MR. RADER COMMENTS ABOUT FAITHMR. RADER COMMENTS ABOUT FAITH

Editor's Note: After Mr. Armstrong's sermon in Tucson September 18, Mr. Rader spoke to the congregation about several aspects of faith. His comments were transcribed and now we would like to share them with our readers.

Greetings, everyone. Last week in Pasadena, when Mr. Armstrong spoke, I commented that he's a very difficult man to follow because he not only is such a powerful and inspirational speaker, but he chooses those topics that are really in the front part of our minds. So I sit here with yellow pad while he is speaking and I have to kind of tick off those things which he's already said. On the other hand, if I were to speak ahead of him, which I've had to do on occasion, I, of course, would not want to preempt him. Therefore!, I trust that you will bear with me today as I wander through some of the things that I have made notes of as he has spoken, and things which I would like to share with you.

First of all, I think most of you have probably recognized that there are a lot of books out today. Even though you might not be reading them, there is a tremendous increase in the reading audiences around the world. And if you were to study the books in the bookstores, look at the bestseller lists, you would find a tremendous emphasis today on what has been called "how to do it" books. And if you look at those books, you would see that they are dealing with how to improve your position, how to become successful, how to get power. "You too can be Number One" — in fact, that's a title. Your Erroneous zones, another title on how to improve your position in this life.

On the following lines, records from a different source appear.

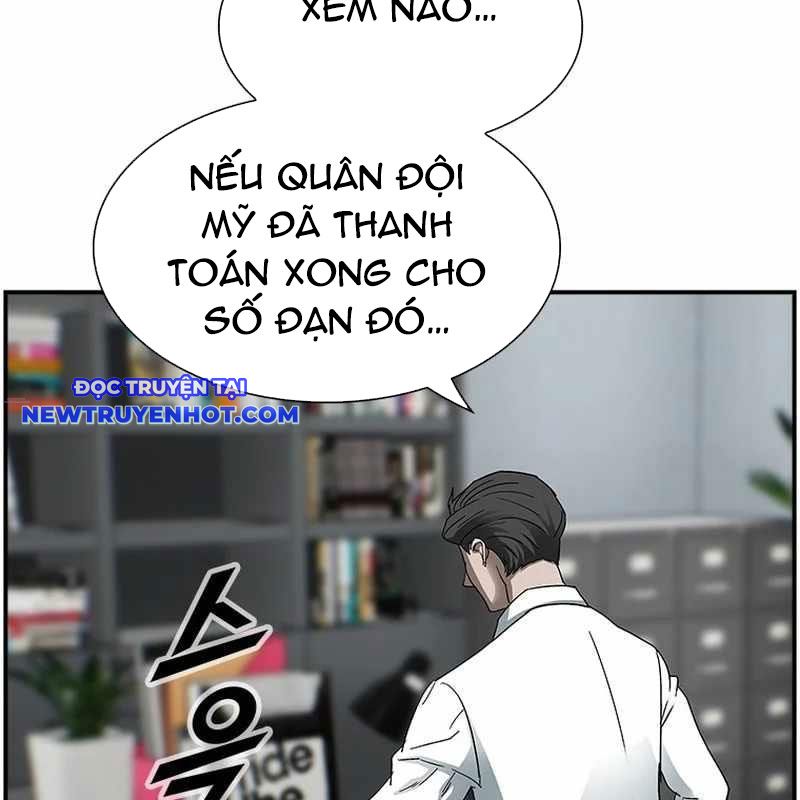 Chương 16 - Trang 104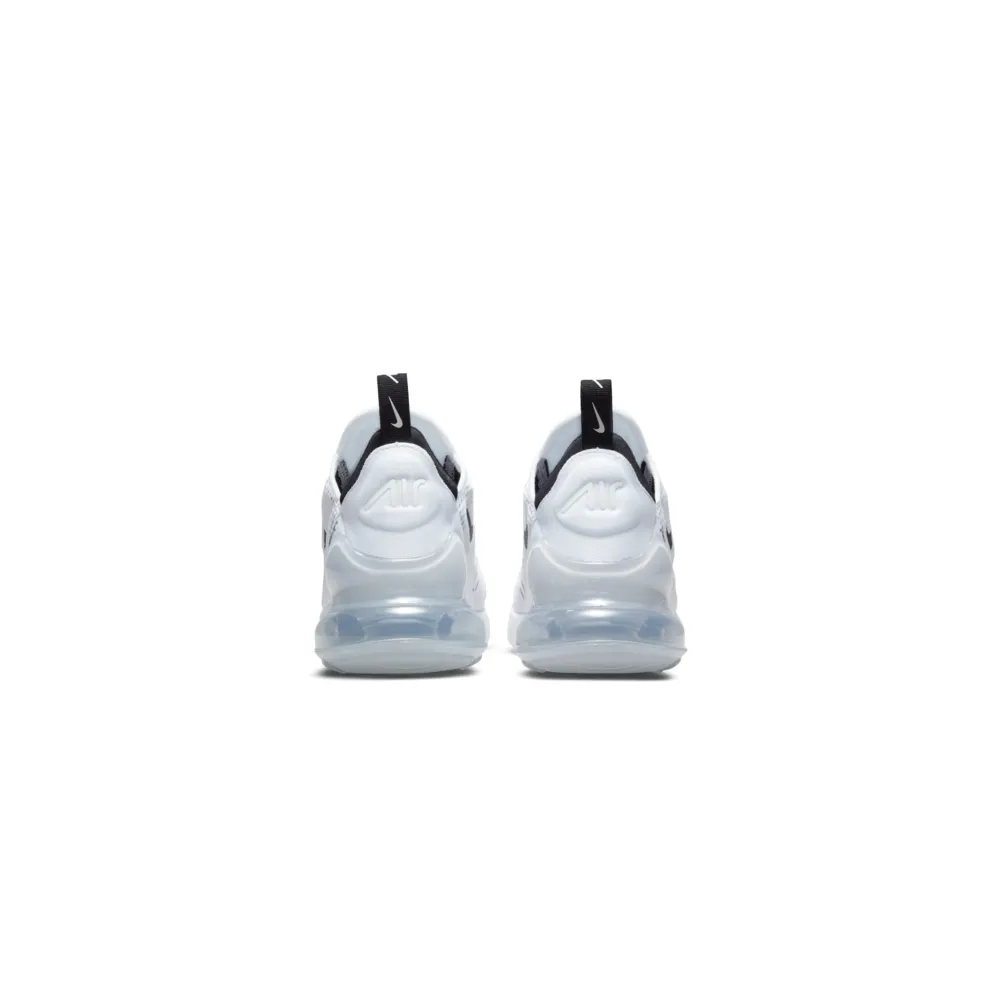 Nike Air Max 270 AH6789-100 / weiss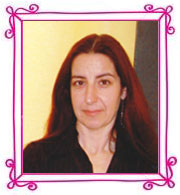 ΚΑΤΕΡΙΝΑ ΒΕΡΟΥΤΣΟΥ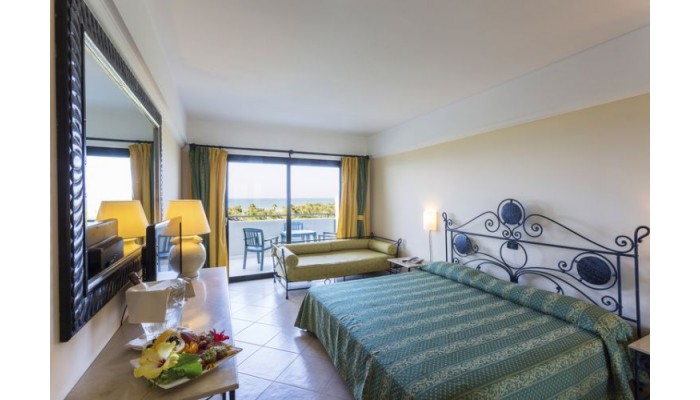 Fiesta Sicilia Resort poza 6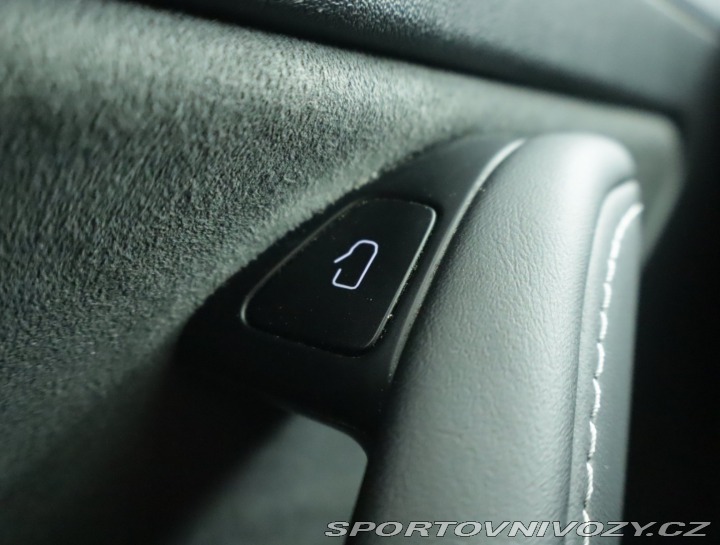Tesla Model Y Long Range AWD 79kWh 2022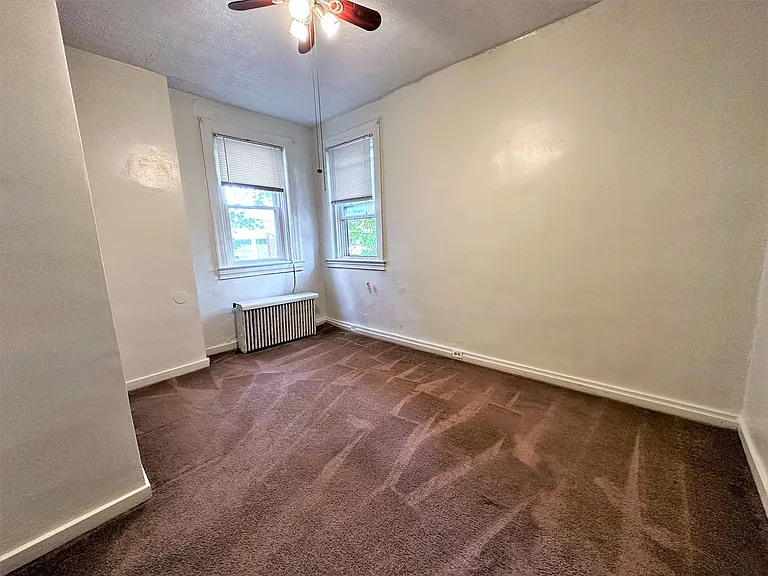 Friendship - Apartments For Rent In Pittsburgh — Photo 10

All of these books just simply make people more selfish, more egocentric, more concerned about themselves rather than about their fellow man. And it's rather interesting that this is the trend of the late 70s and probably will go on right into the 80s despite the fact that most of us will recall that in the 60s — particularly the late 60s and early 70s — we had what appeared to be a different movement, short-lived as it turned out to be. That was the movement where our younger people and our so-called enlightened people were more and more concerned about the environment, more and more concerned about the social issues of the time.

But right now, if you would just look on the bookstore shelves, you would see one book after another, some written by doctors, some by psychologists, some by sociologists, some written by people with not even those credentials — just people who thought it might be a good idea to tell others how they, too, can gain success. And the interesting thing is, in many cases, the men who write the books never had any success until they wrote the books dealing with "YOU TOO CAN BE A SUCCESS." And somehow or other, these books sell enough copies to make two or three million dollars. And that makes the particular authors successful.

I caution you about those books because it has become the kind of chic thing today to think in terms of the behavioral scientists, who seem to have the answers to everything. But the Bible, it's always ignored.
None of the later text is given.